Under various levels of background noise and time-alteration conditions, speech perception was measured in 40 elderly participants who had NHiA and SNHL-H and SNHL-L performance with criteria of 70% correct;25 the subjects’ sentence perception was then analyzed in terms of error percentage, error type, and error pattern to identify the factors associated with audiometric loss and age-related deficits. Key findings include the following: as either the noise level grew louder or speech became faster, the percentage scores significantly increased in the SNHL groups. However, background noise and time alteration conditions showed different patterns. With background noise, there was a significant difference in the percentage scores between the NHiA and SNHL groups as a factor of audiometric loss, whereas the error percentage of the NHiA group differed from that of the SNHL-L group, which considered lower hearing sensitivity, poor supra-threshold auditory processing, and differences in cognitive abilities, but not from that of the SNHL-H group. In the background noise and time-alteration conditions, all three groups had the highest noun error rate in their perceptions of sentences, although their error numbers differed. Also, postposition and verb errors followed noun errors as common error types in the elderly. Specifically, when the noun errors were divided into seven error patterns, the no response error pattern was highly robust in all groups and the fail error pattern was the second most robust. However, the third pattern in noun errors was not the same in the background noise and time-alteration conditions. For example, a substitution pattern was revealed in the noise condition, but an omission pattern appeared in time alteration. Although the percentage scores, error types, and error patterns were affected by either the audiometric loss or age-related deficits in the elderly, the type of difficult listening condition also affected their speech recognition performance.

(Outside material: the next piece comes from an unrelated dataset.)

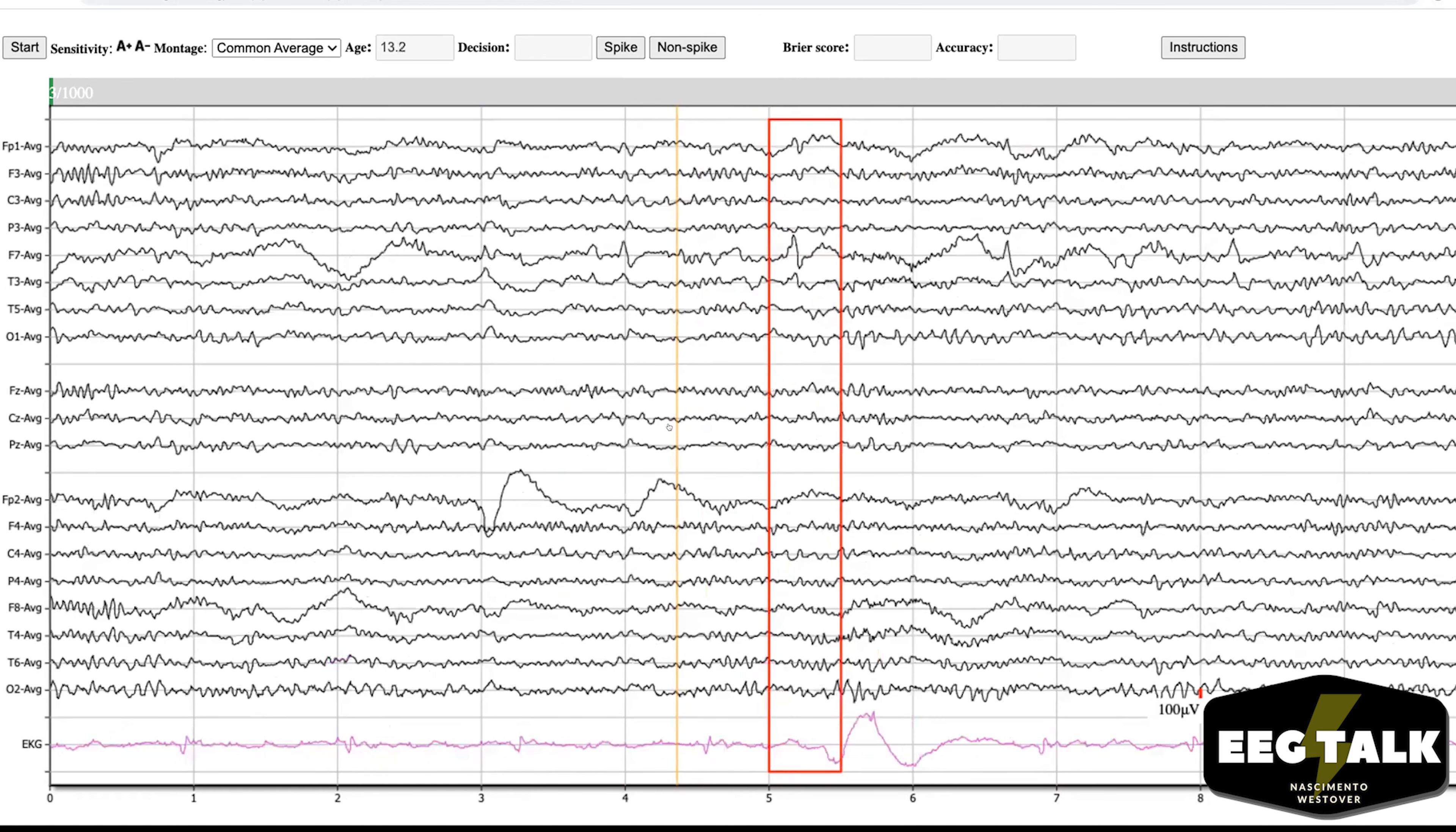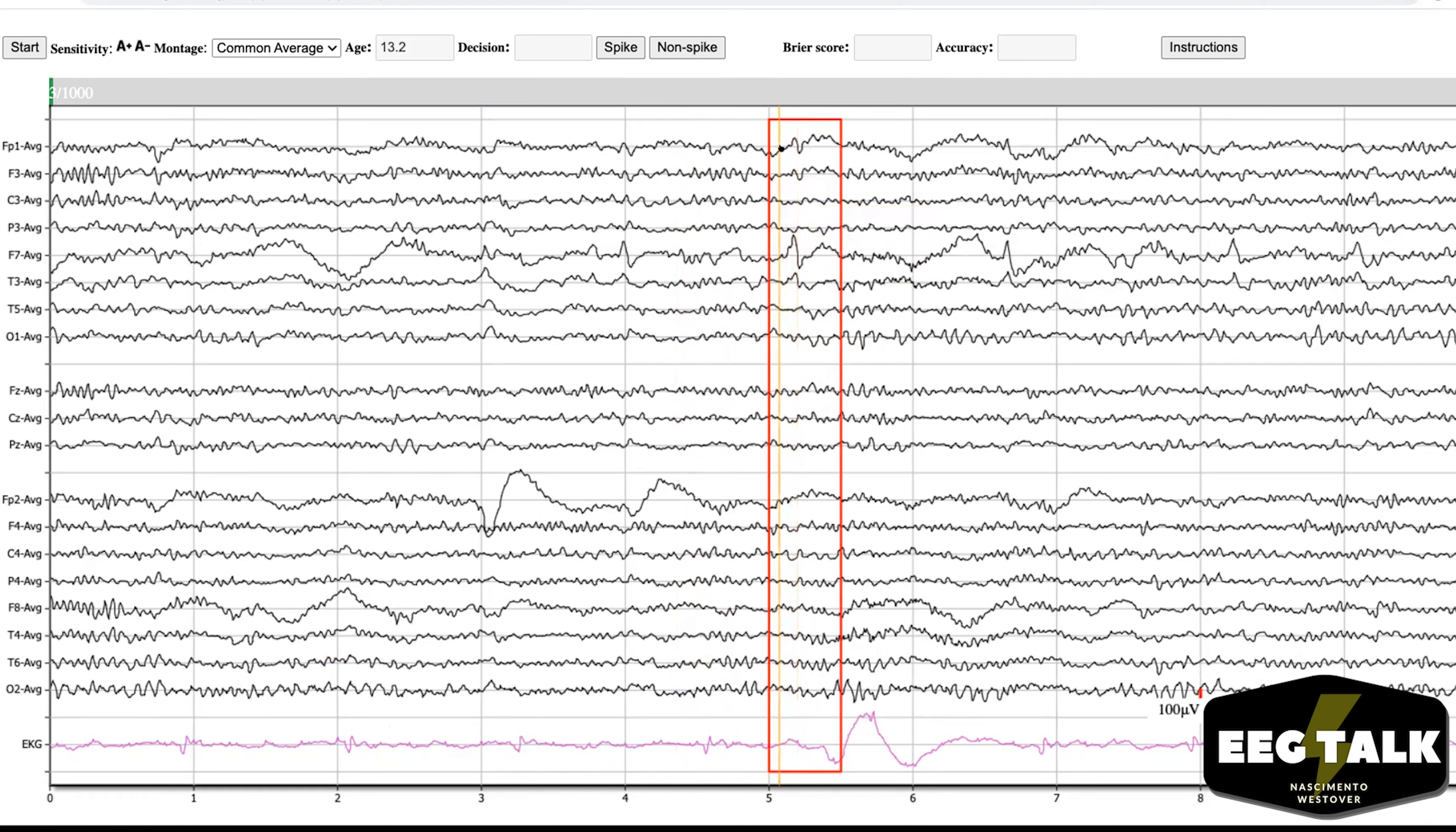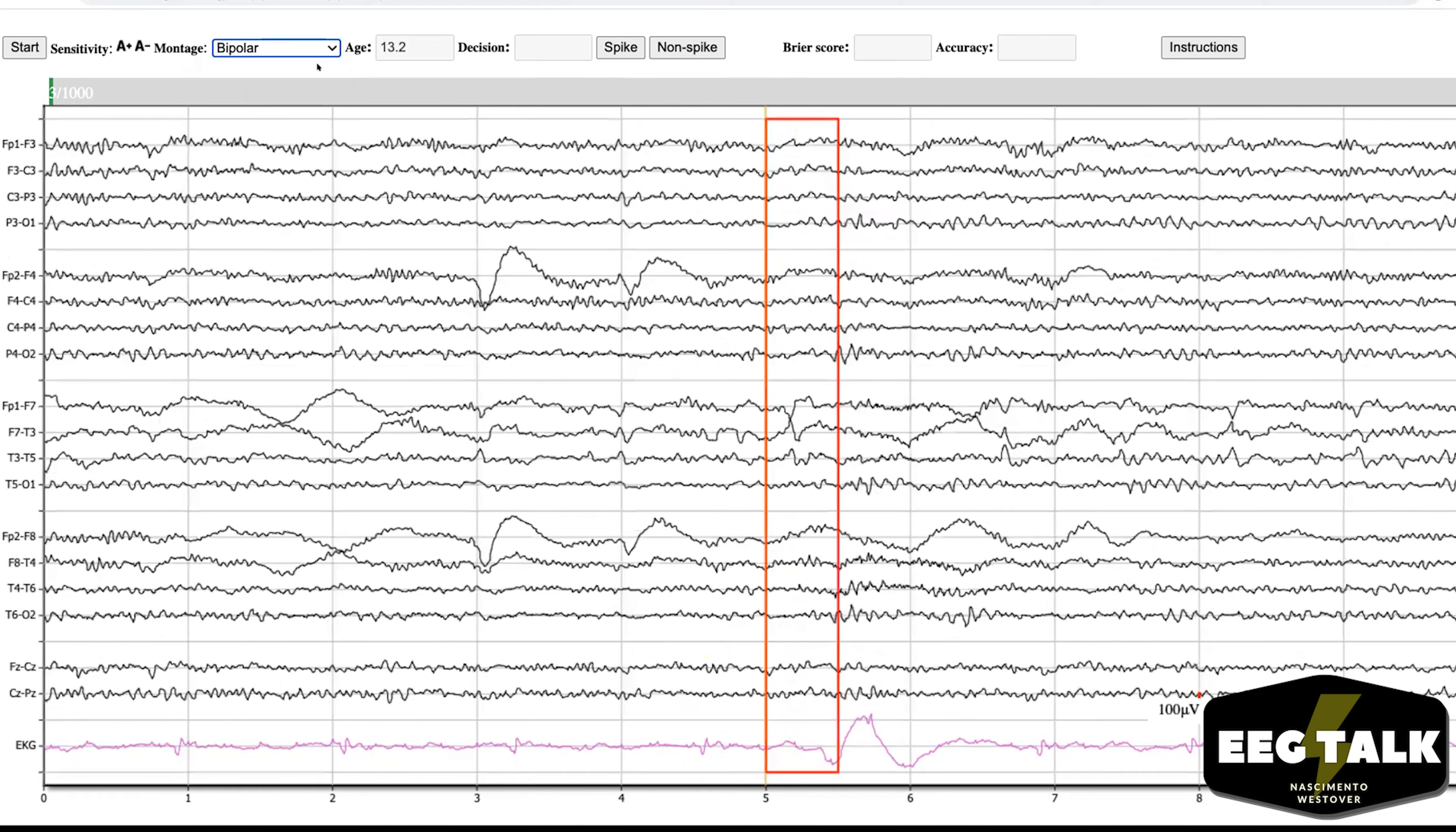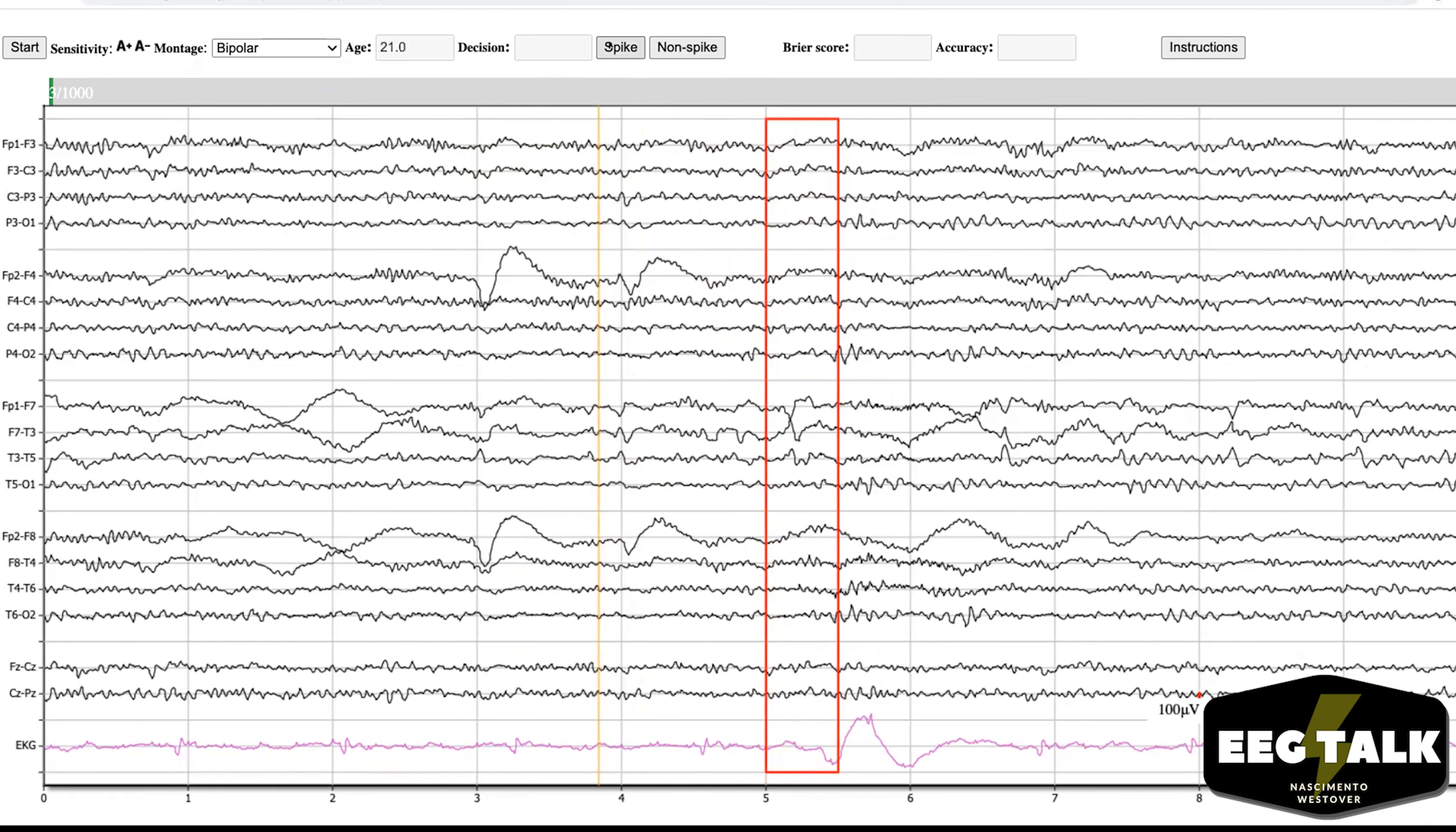Okay, so this one seems pretty localized. It doesn't have—it has a little bit of a field, I guess, to T3 and FP1. And it has a slow wave. I'm gonna say yes. Switch to bipolar? Yeah, I think I'm convinced too. JJ, what do you think? Awesome! Yay! Oh, that feels so great.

In conclusion, the effects of hearing and cognitive loss were seen under difficult listening environments such as background noise and time alteration in the elderly. Regardless of a slightly different group performance across the eight experimental conditions, the robustness of the noun errors and their error patterns were very similar, which might be extended to a possible clinical application of aural rehabilitation for the elderly population.22

Acknowledgments

The preliminary data of this work were presented at 2018 Audiology Now in American Academy of Audiology (Nashville, TN, USA). This paper was supported by Hallym University Research Fund 2018 (H20180250) and the Ministry of Education of the Republic of Korea and the National Research Foundation of Korea (NRF-2015S1A3A2046760).

Disclosure

The authors report no conflicts of interest in this work.